Yeah I use a plugin for similar translation functionality, but with a local llama.cpp instance instead. Definitely useful and has increased my usage. Also works nicely on the Android version of the app.
That's only somewhat true if we are talking about the same sandbox nested (which would be quite dumb to do).
Escaping two different sandboxes are multiple times as hard, and a sane sandbox is not trivially picked, see web browsers and that the fact that the world is not one giant botnet.
Flatkill is very out of date and disingenuous. Flathub is very explicit and obnoxious about such unsafe permissions and can easily be modified by the user. It's also amusing that people here claim Wayland is a security theater too while posting about flatpak being bad because it's vulnerable to x11 issues.
No security boundary can prevent bad permissions just like in android.
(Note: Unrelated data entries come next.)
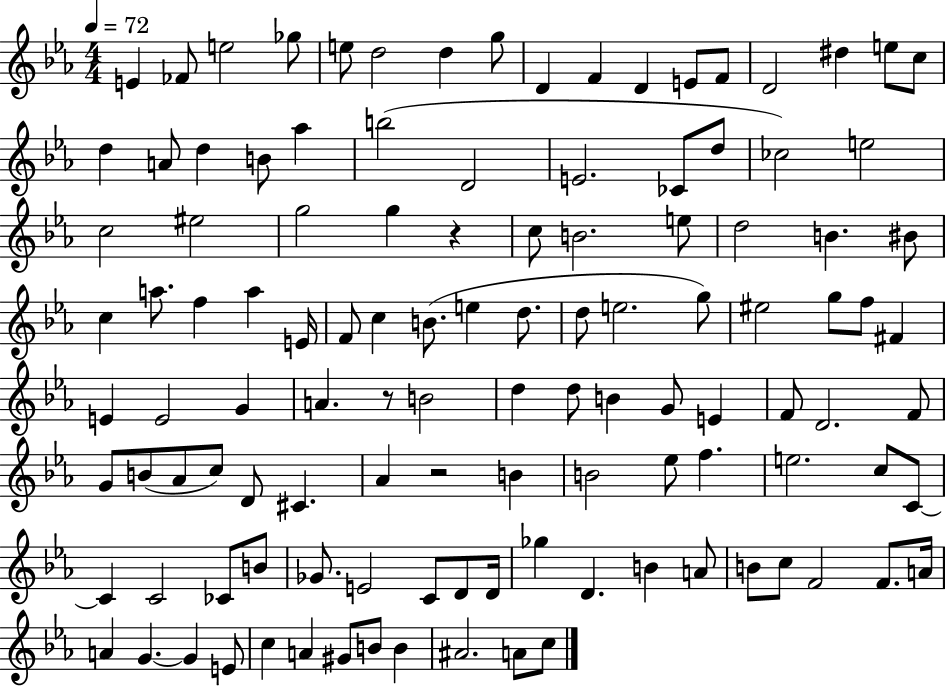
{
  \clef treble
  \numericTimeSignature
  \time 4/4
  \key ees \major
  \tempo 4 = 72
  e'4 fes'8 e''2 ges''8 | e''8 d''2 d''4 g''8 | d'4 f'4 d'4 e'8 f'8 | d'2 dis''4 e''8 c''8 | \break d''4 a'8 d''4 b'8 aes''4 | b''2( d'2 | e'2. ces'8 d''8 | ces''2) e''2 | \break c''2 eis''2 | g''2 g''4 r4 | c''8 b'2. e''8 | d''2 b'4. bis'8 | \break c''4 a''8. f''4 a''4 e'16 | f'8 c''4 b'8.( e''4 d''8. | d''8 e''2. g''8) | eis''2 g''8 f''8 fis'4 | \break e'4 e'2 g'4 | a'4. r8 b'2 | d''4 d''8 b'4 g'8 e'4 | f'8 d'2. f'8 | \break g'8 b'8( aes'8 c''8) d'8 cis'4. | aes'4 r2 b'4 | b'2 ees''8 f''4. | e''2. c''8 c'8~~ | \break c'4 c'2 ces'8 b'8 | ges'8. e'2 c'8 d'8 d'16 | ges''4 d'4. b'4 a'8 | b'8 c''8 f'2 f'8. a'16 | \break a'4 g'4.~~ g'4 e'8 | c''4 a'4 gis'8 b'8 b'4 | ais'2. a'8 c''8 | \bar "|."
} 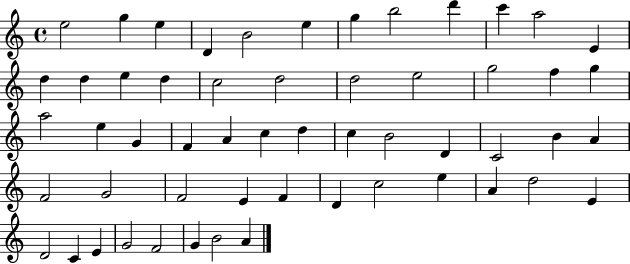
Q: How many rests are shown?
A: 0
> It's also amusing that people here claim Wayland is a security theater too while posting about flatpak being bad because it's vulnerable to x11 issues.
They both create an illusion of safety. We all know that X.org had no security model and it sucks. Wayland put restrictions that would make sense if the rest of the desktop ecosystem was made with security in mind, but it wasn't. I've heard way too many claims like "Wayland makes keyloggers impossible" that are technically true but irrelevant in the real world, because a desktop environment is not just Wayland.
Flatpack is also misleading and its sanboxing is just not great, regardless of the problem with X11.
> No security boundary can prevent bad permissions just like in android.
Good bringing this up: in Android the applications ask the user for permissions, in flatpak permissions are granted based on what the developed asked. That's just bad.